The standardized residuals map from the OLS analysis shows no obvious spatial clustering of over/under predictions, most counties are within one standard deviation, residuals are randomly distributed across the study area. A visual check of the residual vs. predicted plot (Figure 5) visualizes the Koenker (BP) statistic, which rose to 0.057, residuals no longer show significant nonstationarity and that the model may meet OLS assumptions.
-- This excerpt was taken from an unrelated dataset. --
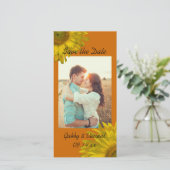 オレンジ色の結婚式の黄色のひまわり日付保存 セーブザデート (スタンド正面)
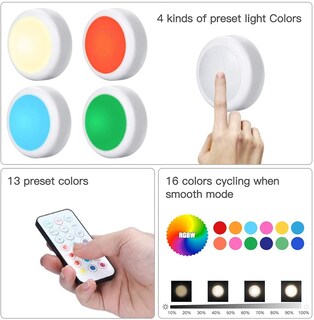 Foto 4 | Foto 4 | Lámpara de Armario Disco Light Recargable por Usb Rgbw 16 Colores - Venta Internacional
Figure 5: Residuals vs. Predicted Plot from OLS
Figure 5: Histogram of Standardized Residuals from Ordinary Least Squares report
Additionally, the histogram of standardized residuals (figure 5) follows a normal distribution. These patterns, along with a Koenker (BP) p-value above 0.05, suggest the model meets the assumptions of stationarity and homoscedasticity. Since there is no significant spatial dependence in the residuals, a Geographically Weighted Regression (GWR) model is not warranted. Therefore, the OLS model is appropriate and sufficient for interpreting the relationships between explanatory variables and the dependent variable in this analysis.
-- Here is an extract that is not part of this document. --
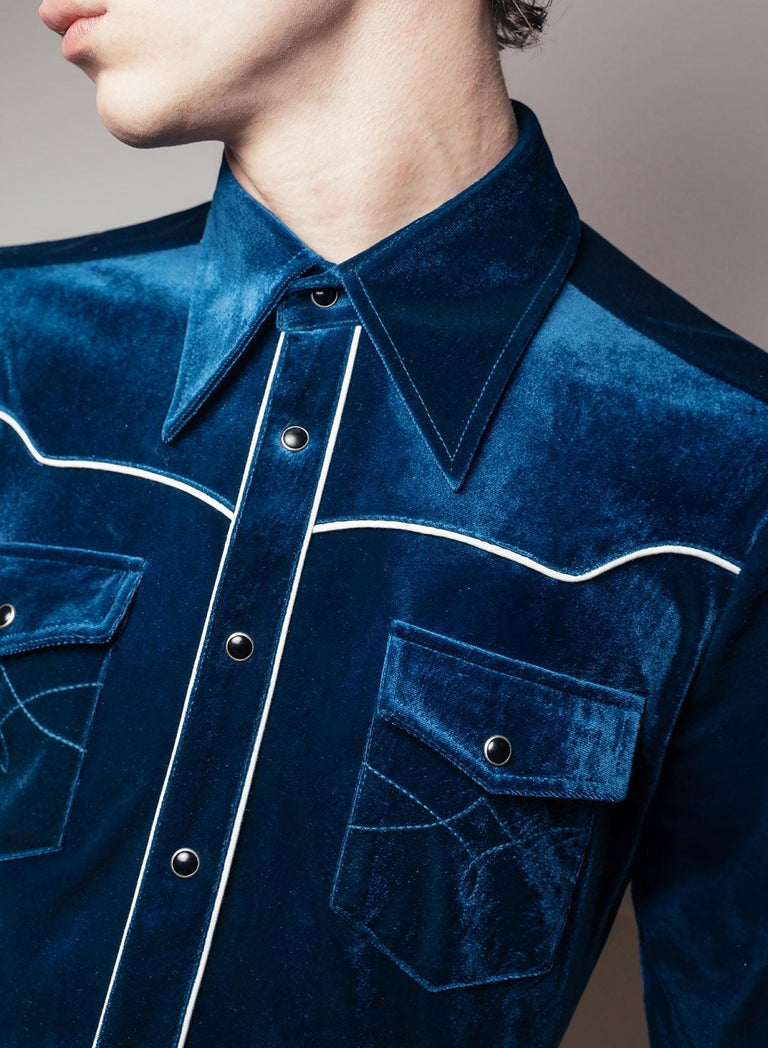 Blue Velvet Western Piped Shirt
Mississippi consistently ranks among the states with the highest firearm fatality rates. This analysis identified county-level socioeconomic and health-related factors associated with this pattern. Exploratory regression revealed that the percentage of adults reporting fair or poor health was the strongest explanatory variable, positively associated with firearm fatalities in over 93% of all models. The percentage of children living below the poverty line also showed a strong, positive association. Interestingly, the percentage of adults reporting excessive drinking was negatively correlated with firearm fatalities—an unexpected finding that may warrant further investigation to understand the underlying dynamics.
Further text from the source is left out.